It is the photograph that means more to Anwar Sadat's widow than any other. A family portrait taken on the eve of the former Egyptian president's departure to Israel to address the Knesset on November 19 1977. A landmark moment for the Middle East, and for his wife who was convinced she would never see him again.
"I insisted that we took the photos because I was sure he would not come back from the trip," says Dr Jehan Sadat during her first interview since the revolution in Egypt. "I really believed that would be our last photo together as a family. I thought once Anwar got to Israel he would be assassinated by a fanatical Palestinian or a fanatical Jew. I was deeply worried, but didn't show it. I was always very clever about not showing my concern. But as I watched him take off in the helicopter, I was crying. Really crying. It was a very emotional and unforgettable time."
Anwar Sadat returned home safely from that historic trip, only to be assassinated by an Egyptian four years later. The irony is not lost on Jehan who married her husband in 1949, when she was just 15 - "and nine months" - and he was the local hero and defiant revolutionary who was imprisoned for fighting against the British occupation.
"My mother was the one who objected because she thought I was too young to marry," recalls Dr Sadat, who at 76 still looks remarkably youthful. "But Anwar was charming and persuasive - there was never anyone else for me. He was my hero to the end."
Now Dr Sadat, who was in London this week to address the Kabbalah Power of Peace Conference, is lending her support to the revolution in Egypt and is in no doubt that her husband would have joined her. "He would have admired the decision of these well-educated young men and women who organised these protests to create their own democracy," she says, while voicing only fleeting sympathy for deposed President Hosni Mubarak who was not only Anwar Sadat's vice-president, but also shot and wounded while standing beside him on the day of the assassination.
"No one should be in office that long. Thirty years is just too much," she insists. "The future of a country is more important than that of an individual. I did not want to see him hurt, but it was time for new blood and I think the future looks very positive for Egypt."
She is also keen to point out that the Muslim Brotherhood had not been involved in instigating the protests. "They didn't start it and there were no calls from them for the killing of Mubarak. They admitted they were not involved." Perhaps it is the Muslim Brotherhood's alleged lack of involvement that now makes her so confident that the peace accord between Egypt and Israel will be maintained.

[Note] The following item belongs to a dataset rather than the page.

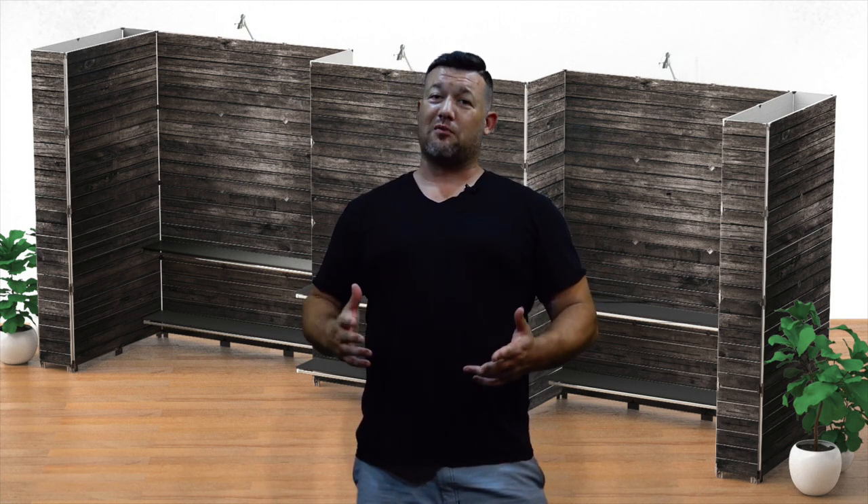We want to let you know that we have made some huge changes to our GoGo Panels brand products. Some of those have been changes to the inside of the panels. We've also decided to offer significantly more products that could be in addition to the display you may currently own or own in the future — everything from pop-up displays to fabric graphics, etc.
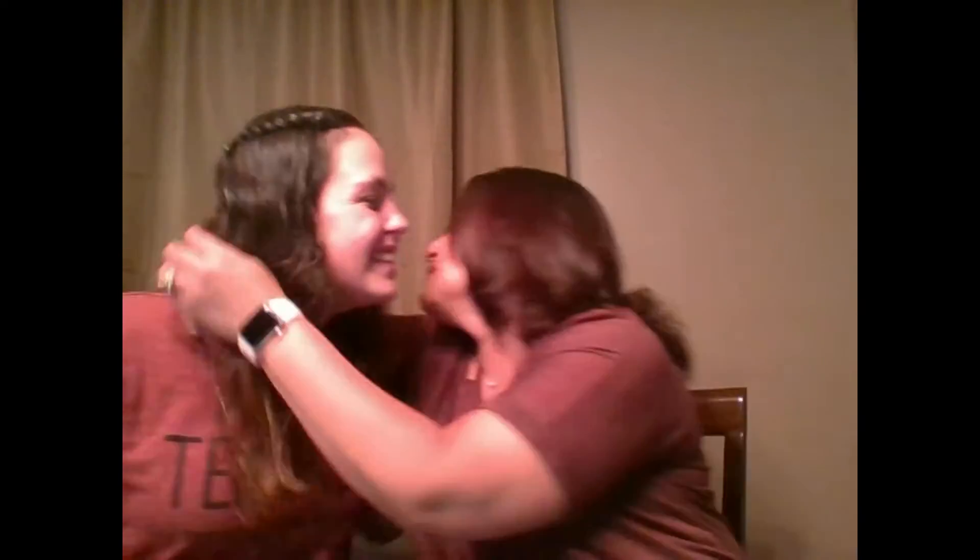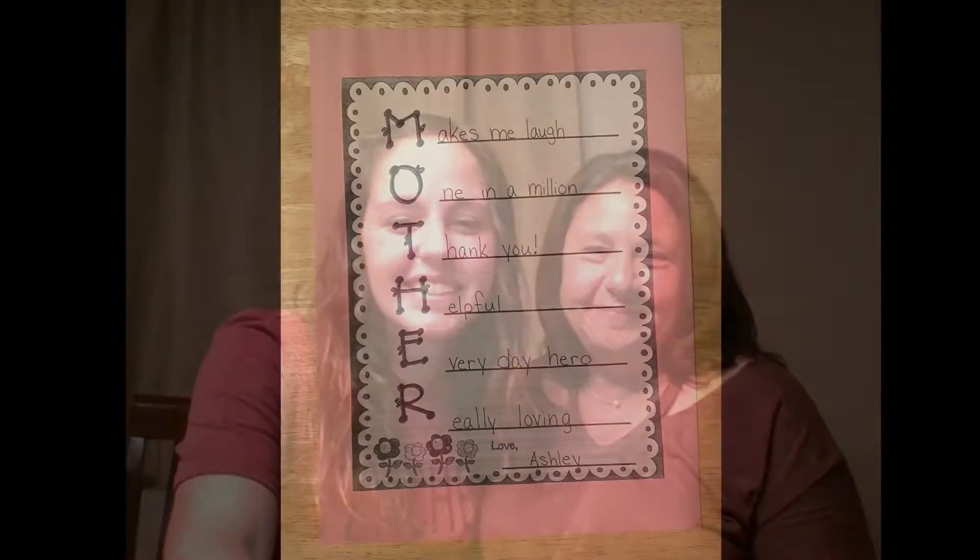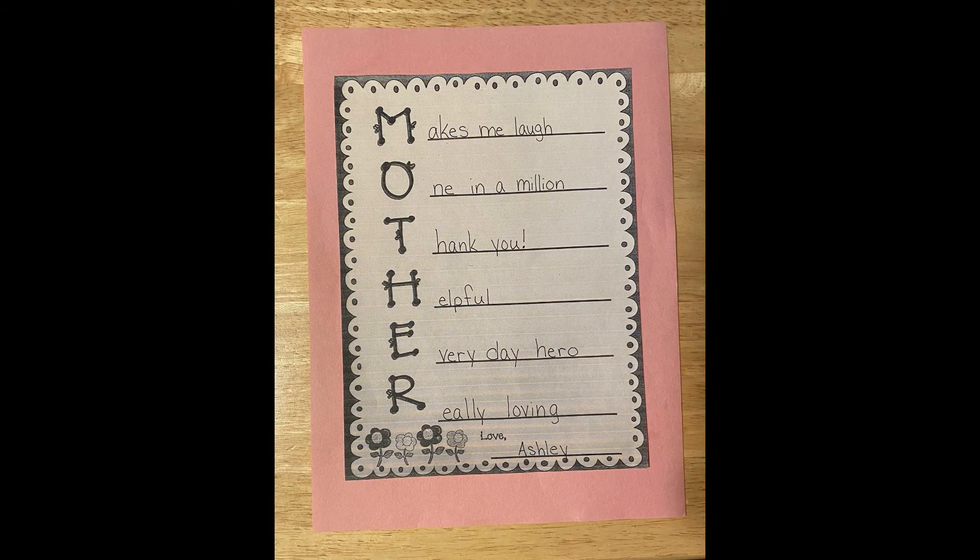Aw, thank you sweetheart. Love you mama. Happy Mother's Day. Thank you, thank you.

"I am absolutely certain that they will respect the treaty - it is far too important," says Dr Sadat, who had a close friendship with the former Israeli President, Ezer Weizman, until his death in 2005. "He and his wife Reuma were our friends and not a single year passed without him calling me on October 6, the day of my husband's death, to say they were thinking of me."
This year marks the 30th anniversary of Anwar Sadat's assassination, though Jehan Sadat says that for her it is no more poignant than previous years, as: "I have never stopped missing him and because of him peace has become the defining theme of my life."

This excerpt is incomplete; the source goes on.